Top of Entries shown
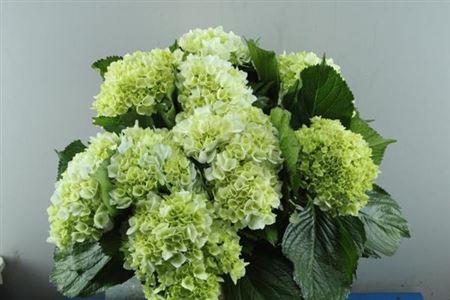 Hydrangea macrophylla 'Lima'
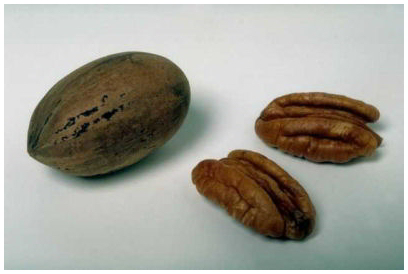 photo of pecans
Bottom of Entries shown
Top of Entries shown
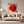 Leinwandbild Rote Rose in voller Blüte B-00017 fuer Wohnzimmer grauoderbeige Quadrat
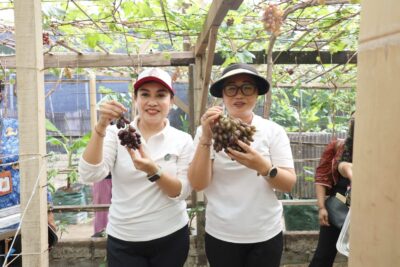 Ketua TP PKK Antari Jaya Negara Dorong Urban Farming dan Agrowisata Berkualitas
Bottom of Entries shown
#### The problem
Write out word for word the lines above that run from the one with "Leinwandbild Rote Rose" to the one with "Ketua TP PKK". Include both end lines; exclude the images.

#### Response to this exercise
 Leinwandbild Rote Rose in voller Blüte B-00017 fuer Wohnzimmer grauoderbeige Quadrat
 Ketua TP PKK Antari Jaya Negara Dorong Urban Farming dan Agrowisata Berkualitas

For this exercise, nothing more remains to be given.